INSTRUCTIONS FOR THE TASK - Take the data below and extract the lines from the one with "Sylafirst Compress Sterilies 20×20 Boite de 10 Pieces 1" to the one with "High visibility reflective", inclusive, exactly as written.

··· DATA EXTRACT

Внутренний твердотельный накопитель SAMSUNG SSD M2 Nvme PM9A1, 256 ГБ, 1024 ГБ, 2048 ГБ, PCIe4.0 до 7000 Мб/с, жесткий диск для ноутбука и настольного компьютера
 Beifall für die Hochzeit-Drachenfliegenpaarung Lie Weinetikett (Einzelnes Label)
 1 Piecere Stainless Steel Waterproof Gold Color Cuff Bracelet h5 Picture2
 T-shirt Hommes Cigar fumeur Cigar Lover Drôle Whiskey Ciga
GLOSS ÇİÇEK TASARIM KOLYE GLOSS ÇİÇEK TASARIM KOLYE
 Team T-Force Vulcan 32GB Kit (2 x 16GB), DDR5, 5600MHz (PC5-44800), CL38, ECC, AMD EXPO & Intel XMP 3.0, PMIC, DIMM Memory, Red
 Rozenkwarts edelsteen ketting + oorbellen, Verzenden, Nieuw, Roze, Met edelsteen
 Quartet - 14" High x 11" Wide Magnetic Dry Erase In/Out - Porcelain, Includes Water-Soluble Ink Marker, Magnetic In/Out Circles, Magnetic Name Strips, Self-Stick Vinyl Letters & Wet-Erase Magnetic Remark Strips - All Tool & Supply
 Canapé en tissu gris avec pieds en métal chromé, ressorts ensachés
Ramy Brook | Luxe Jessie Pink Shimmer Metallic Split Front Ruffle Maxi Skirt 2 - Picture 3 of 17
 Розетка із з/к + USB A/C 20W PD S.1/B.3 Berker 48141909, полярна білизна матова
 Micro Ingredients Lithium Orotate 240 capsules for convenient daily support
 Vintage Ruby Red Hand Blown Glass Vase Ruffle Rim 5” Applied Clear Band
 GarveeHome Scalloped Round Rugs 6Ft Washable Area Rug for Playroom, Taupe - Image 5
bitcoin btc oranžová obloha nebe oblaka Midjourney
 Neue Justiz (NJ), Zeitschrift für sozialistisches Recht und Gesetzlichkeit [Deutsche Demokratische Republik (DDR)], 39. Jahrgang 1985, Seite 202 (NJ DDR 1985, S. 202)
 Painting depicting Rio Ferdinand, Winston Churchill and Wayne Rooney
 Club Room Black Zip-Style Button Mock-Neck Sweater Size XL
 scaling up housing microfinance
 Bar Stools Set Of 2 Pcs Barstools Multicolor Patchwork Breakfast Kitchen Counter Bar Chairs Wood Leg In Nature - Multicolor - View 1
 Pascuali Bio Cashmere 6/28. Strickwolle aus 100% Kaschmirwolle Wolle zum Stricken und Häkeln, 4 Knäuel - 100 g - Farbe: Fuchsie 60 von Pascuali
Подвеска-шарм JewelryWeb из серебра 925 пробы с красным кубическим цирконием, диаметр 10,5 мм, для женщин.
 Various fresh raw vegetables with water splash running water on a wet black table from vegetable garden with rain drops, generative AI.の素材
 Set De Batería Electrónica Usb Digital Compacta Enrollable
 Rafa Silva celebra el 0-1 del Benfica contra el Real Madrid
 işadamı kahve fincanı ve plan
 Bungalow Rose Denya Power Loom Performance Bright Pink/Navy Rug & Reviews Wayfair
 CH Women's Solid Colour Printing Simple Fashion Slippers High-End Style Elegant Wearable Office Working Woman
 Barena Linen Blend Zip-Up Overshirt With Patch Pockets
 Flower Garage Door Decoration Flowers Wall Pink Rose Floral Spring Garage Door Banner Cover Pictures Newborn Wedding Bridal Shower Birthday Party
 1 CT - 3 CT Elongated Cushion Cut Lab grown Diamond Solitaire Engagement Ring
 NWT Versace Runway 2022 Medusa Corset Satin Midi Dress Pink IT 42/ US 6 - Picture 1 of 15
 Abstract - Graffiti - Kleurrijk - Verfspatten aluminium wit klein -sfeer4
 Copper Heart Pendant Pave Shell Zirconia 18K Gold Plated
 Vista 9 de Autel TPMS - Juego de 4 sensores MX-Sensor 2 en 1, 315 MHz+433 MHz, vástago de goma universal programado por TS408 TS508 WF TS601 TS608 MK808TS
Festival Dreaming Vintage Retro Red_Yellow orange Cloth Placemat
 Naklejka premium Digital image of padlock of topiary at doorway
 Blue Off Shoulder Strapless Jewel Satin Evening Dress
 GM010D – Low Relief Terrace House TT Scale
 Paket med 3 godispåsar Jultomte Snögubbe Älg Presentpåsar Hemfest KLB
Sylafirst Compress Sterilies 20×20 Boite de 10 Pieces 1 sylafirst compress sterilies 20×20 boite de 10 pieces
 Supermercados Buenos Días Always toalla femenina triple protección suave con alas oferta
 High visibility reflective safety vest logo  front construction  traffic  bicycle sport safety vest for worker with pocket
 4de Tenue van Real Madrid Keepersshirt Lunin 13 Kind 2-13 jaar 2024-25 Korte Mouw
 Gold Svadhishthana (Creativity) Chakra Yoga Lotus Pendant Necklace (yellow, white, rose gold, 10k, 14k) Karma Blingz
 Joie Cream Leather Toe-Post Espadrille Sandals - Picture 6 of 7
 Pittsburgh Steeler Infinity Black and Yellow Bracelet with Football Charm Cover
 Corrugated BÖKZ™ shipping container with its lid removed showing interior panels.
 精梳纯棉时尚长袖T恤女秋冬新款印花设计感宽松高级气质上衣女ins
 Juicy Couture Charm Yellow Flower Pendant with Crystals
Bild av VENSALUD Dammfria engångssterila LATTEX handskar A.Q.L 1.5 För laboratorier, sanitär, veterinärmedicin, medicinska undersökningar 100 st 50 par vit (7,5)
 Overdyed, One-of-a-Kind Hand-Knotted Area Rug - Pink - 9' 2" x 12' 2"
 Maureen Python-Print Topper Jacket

······

YOUR SOLUTION -
Sylafirst Compress Sterilies 20×20 Boite de 10 Pieces 1 sylafirst compress sterilies 20×20 boite de 10 pieces
 Supermercados Buenos Días Always toalla femenina triple protección suave con alas oferta
 High visibility reflective safety vest logo  front construction  traffic  bicycle sport safety vest for worker with pocket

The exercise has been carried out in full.